15'tatil

318 42 88
                                    

"Lütfen. Joshua'nın 4 gündür ortaya çıkmadığını söylüyorsun o yüzden gelebilirsin."

Jeonghan ısrarla Joshua'nın kolunu dürtüyor işleriyle ilgilenmesini engelliyordu.

Jeonghan'ın ısrarla gelmesini istediği yer her yıl olduğu gibi şirketlerinin bütün stajyerlerini götürdüğü 3 gün 2 gecelik bir tatildi. Soonyoung bu tatilin stajyerlerin yorucu tempodan biraz uzaklaşıp daha fazla motive olmalarını sağlayacağını düşündüğünden her yıl istisnasız gerçekleştiriyordu. Her seferinde de farklı bir tatil yaşamalarını sağlıyordu.

"Buz prens her seferinde katılıyor. Lütfen seninle daha fazla zaman geçirmek, eğlenmek istiyorum."

Jisoo başını iki yana sallayarak teklifini tekrardan reddetti.

"Kocaman bir tatil evini bizim için kiralamış. Birlikte su sporları yaparak keyifli zaman geçirebiliriz."

Jisoo sevgilisinin hevesini kırmak istemiyordu ama Joshua'nın tekrardan ortaya çıkıp bütün tatillerini zehir edeceğinden korkuyordu. Bunu ne Soonyoung'a ne de sevgilisine yaşatmaya hakkı olmadığını düşünüyordu.

Haklıydı. Joshua son kez ortaya çıktığında Jisoo ve Jeonghan arasındaki ilişkiyi öğrenmiş adeta çıldırmıştı. Evde kırılmadık tek bir eşya bırakmamış, bir bara giderek sarhoş olmuş kendini bir güzel benzetmelerine izin vermişti. Ve en kötüsü şirketin tam ortasına geçip 'Ben buranın patronuyum! O siktiğim Jisoo'yu geberteceğim' diyerek yaygara koparmıştı. Neyse ki Soonyoung şirketteydi ve gecenin bir yarısı olduğundan çok az insan vardı.

"Biliyorsun" dedi alnındaki yarayı hafifçe kaşıyarak "Eğer uyanırsa tahmin edemeyeceğiniz durumlara maruz kalabilirsiniz. Hem Soon bana çok sinirli asla izin vermez."

Tabi bir de Soonyoung sorunu vardı. Katiyen ilişkilerini desteklemiyor -ne kadar yetenekli ve sevilen bir idol olacağını bilse bile- şirketten kovmak istiyordu.

Sevemiyordu güzel çocuğu bir de Jisoo gibi Joshua'nın da ondan hoşlanması tuzu biberi oluyordu ve Soon artık yorulmuştu. Arkadaşı kadar olmasa da hastalığı onu da yıpratmış, bir çok kez kendinden vermiş hiç lafını yapmadan Jisoo'nun yaslanacağı omuz olmuştu. Şikâyetçi değildi kesinlikle sadece Jisoo için en iyisini diliyordu.

Jeonghan usulca öptü Jisoo'nun yarasından. "Söz veriyorum kötü hiçbir durum yaşanmayacak."

~

Woozi kahvesinden bir yudum alıp heyecanla sordu. "Yani tatile gelmemi istiyorsun öyle mi?"

"Senin için güzel bir değişiklik olur tazelenirsin diye düşündüm" diyerek bacak bacak üstüne atıp elindeki yumuşak içim kahveyi masaya bıraktı.

"Biliyor musun senin en acı kahvelerden falan içtiğini düşünürdüm." Masadaki kahveyi işaret etti. "Bu oldukça sütlü.
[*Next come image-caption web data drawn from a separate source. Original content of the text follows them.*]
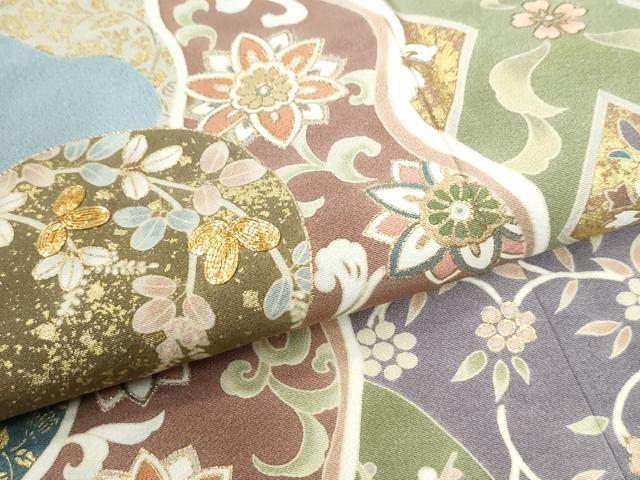 平和屋着物●豪華色留袖 駒刺繍 地紙吉祥花唐草文 金彩 正絹 逸品 CABC6514yc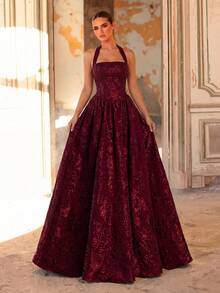 Aureia 优雅浪漫的酒红色提花面料露背连衣裙，优雅派对礼服，婚礼宾客礼服，酒红色正式晚礼服，时尚正式礼服，伴娘礼服，正式晚宴礼服 - 酒紅色 - 查看 6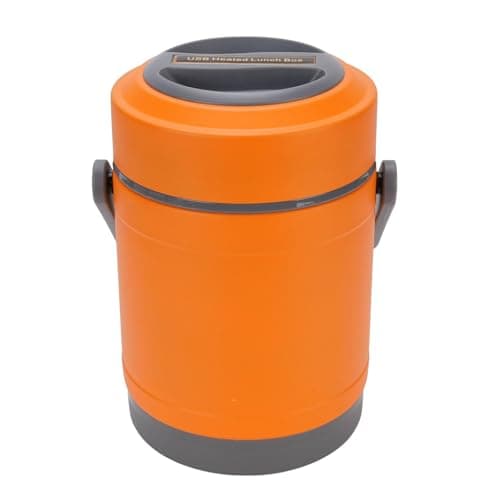 2L Thermal Cooking Pot, USB Portable Camping Pot with Leakproof Locking Lid, Stainless Steel Vacuum Thermal Cooker, Insulated Packable Travel Food Container (Orange)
Kahveyi görmekte zorlanıyorum."

Soonyoung tepki vermediğinde söylediği şeyin saçma olduğunu düşünüp dudaklarını kemirmeye başladı. Kesinlikle bu adamın karşında düşünme yetisini bir an kaybediyor diline ne gelirse söylüyordu.

Boğazını temizleyerek "Neyse" diye mırıldandı. "Gelirim ama o otobüse binmem."

~

"Sakin ol biraz."

"Nasıl olabilirim? Sabahın köründe beni arayıp geleceğini söyledi!"

Jeonghan sıkıca Wonwoo'ya sarılarak tepinmeye devam etti. İçi içine sığmıyordu. Her tarafta koşup zıplamak herkese sıkıca sarılmak istiyordu. Gıcık olduğu Ten'e bile.